Quick Start - Creating your first interoperable table - 《Apache XTable 0.1.0-beta1》

Pre-requisites
Steps
Conclusion
Next steps

Using OneTable to sync your source tables in different target format involves running sync on your current dataset using a bundled jar. You can create this bundled jar by following the instructions on the Installation page. Read through OneTable’s GitHub page for more information.

In this tutorial we will look at how to use OneTable to add interoperability between table formats. For example, you can expose a table ingested with Hudi as an Iceberg and/or Delta Lake table without copying or moving the underlying data files used for that table while maintaining a similar commit history to enable proper point in time queries.

Pre-requisites

A compute instance where you can run Apache Spark.
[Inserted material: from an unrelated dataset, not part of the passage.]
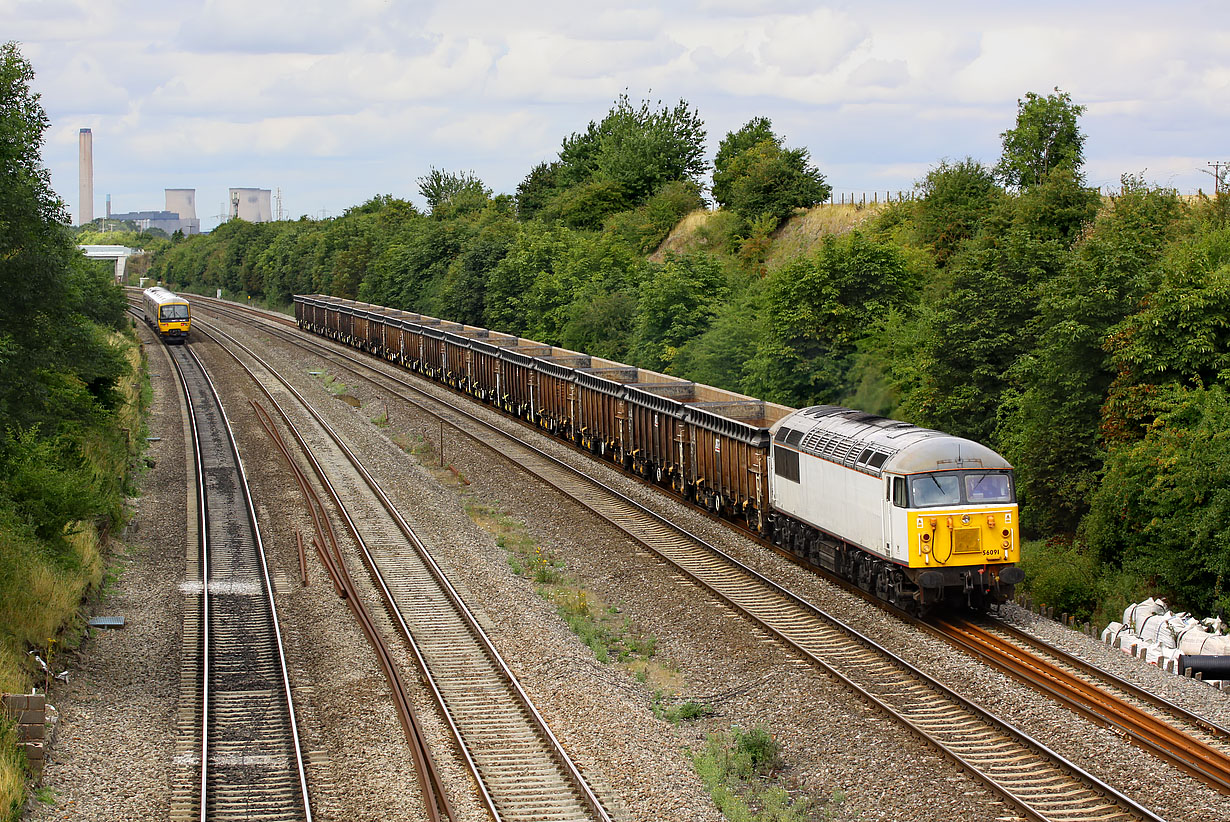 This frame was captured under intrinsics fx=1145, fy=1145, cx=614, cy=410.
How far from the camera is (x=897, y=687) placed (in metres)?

This can be your local machine, docker, or a distributed service like Amazon EMR, Google Cloud’s Dataproc, Azure HDInsight etc
Clone the OneTable repository and create the utilities-0.1.0-SNAPSHOT-bundled.jar by following the steps on the Installation page
Optional: Setup access to write to and/or read from distributed storage services like:
- Amazon S3 by following the steps here to install AWSCLIv2 and setup access credentials by following the steps here
- Google Cloud Storage by following the steps here

For the purpose of this tutorial, we will walk through the steps to using OneTable locally.

Steps

Initialize a pyspark shell

You can choose to follow this example with spark-sql or spark-shell as well.

Hudi

pyspark \
  --packages org.apache.hudi:hudi-spark3.2-bundle_2.12:0.14.0 \
  --conf "spark.serializer=org.apache.spark.serializer.KryoSerializer" \
  --conf "spark.sql.catalog.spark_catalog=org.apache.spark.sql.hudi.catalog.HoodieCatalog" \
  --conf "spark.sql.extensions=org.apache.spark.sql.hudi.HoodieSparkSessionExtension"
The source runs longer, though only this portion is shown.